A probing task is a classification problem that requires the model to make predictions related to certain linguistic properties of sentences. The abbreviations for the 10 tasks are listed in Table 5. Basically, these tasks are set to test the model’s abilities to capture surface, syntactic or semantic information. We refer the reader to conneau2018you for details. We freeze all the parameters of the models and only train the classification layer for the probing tasks.

First, we can see that the BERT model captures more surface, syntactic and semantic information than other models, suggesting it learns more general representations. MT-DNN and our models, on the other hand, learn representations that are more tailored to the GLUE tasks.

Second, our models perform better than MT-DNN on the probing tasks, indicating meta-learning algorithms may find a balance between general linguistic information and task-specific information. Among the three meta-learning algorithms, Reptile can capture more general linguistic information than others. Considering Reptile has outperformed the other two models on the GLUE dataset, these results further demonstrate Reptile may be more suitable for NLU tasks.

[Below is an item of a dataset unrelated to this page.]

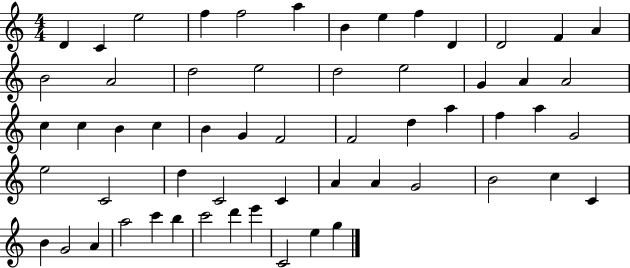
D4/q C4/q E5/h F5/q F5/h A5/q B4/q E5/q F5/q D4/q D4/h F4/q A4/q B4/h A4/h D5/h E5/h D5/h E5/h G4/q A4/q A4/h C5/q C5/q B4/q C5/q B4/q G4/q F4/h F4/h D5/q A5/q F5/q A5/q G4/h E5/h C4/h D5/q C4/h C4/q A4/q A4/q G4/h B4/h C5/q C4/q B4/q G4/h A4/q A5/h C6/q B5/q C6/h D6/q E6/q C4/h E5/q G5/q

Third, we find that there may not always exist a monotonic trend on what linguistic information each layer captures. Also, contrary to the findings from  liu2019linguistic which suggest the middle layers of BERT are more transferable and contain more syntactic and semantic information, our experimental results demonstrate that this may not always be true. We conjecture this is because both syntactic and semantic information are broad concepts and the probing tasks in liu2019linguistic may not cover all of them. For example, there exist a monotonic trend for SOMO while the middle layers of these models are better at tasks like SubNum.

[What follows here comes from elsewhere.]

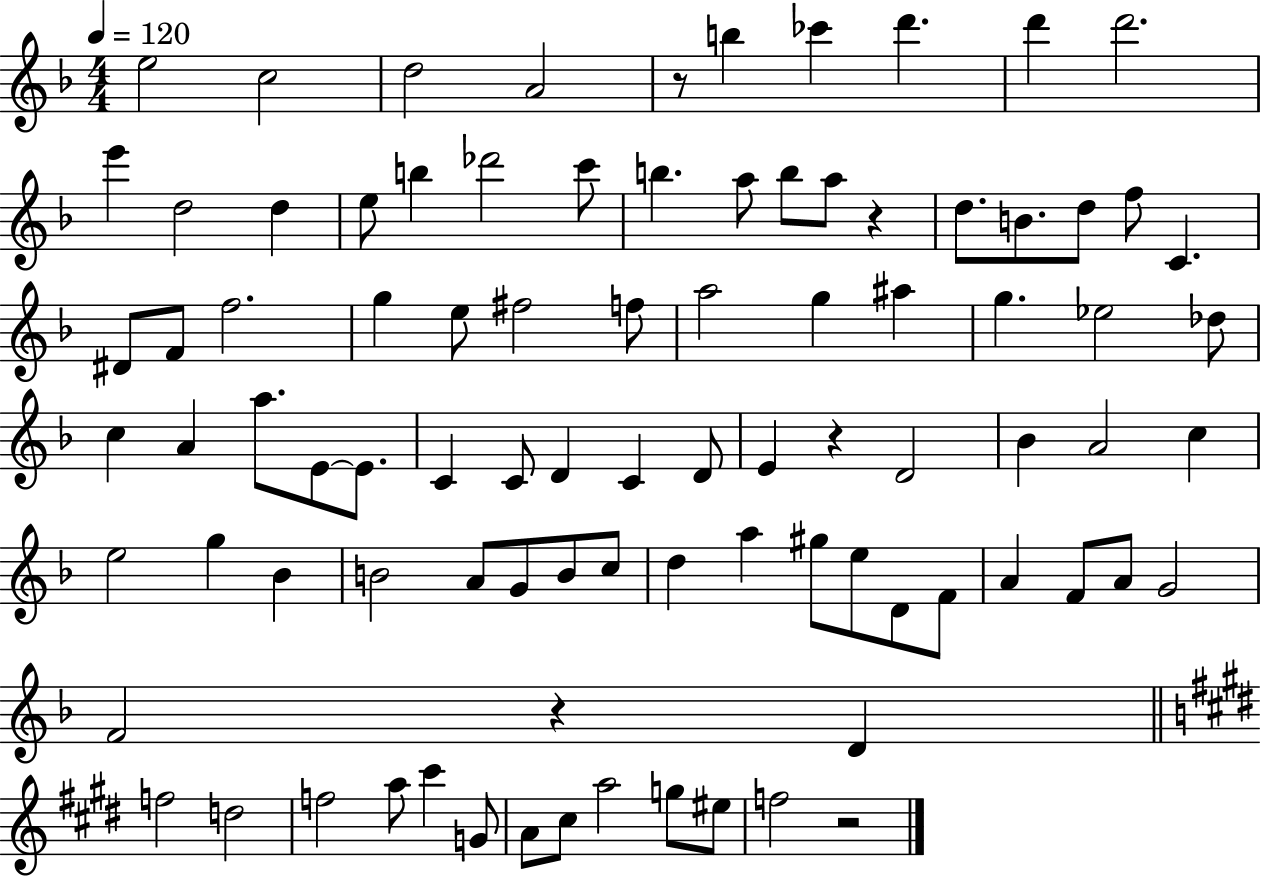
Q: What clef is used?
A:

Another interesting thing to note is that the lower layers of models perform rather poorly on the word content task, which tests whether the model can recover information about the original words in the sentence. We attribute this phenomenon to the use of subwords and position/token embeddings. In the higher layers, the model may gain more word-level information through the self-attention mechanism.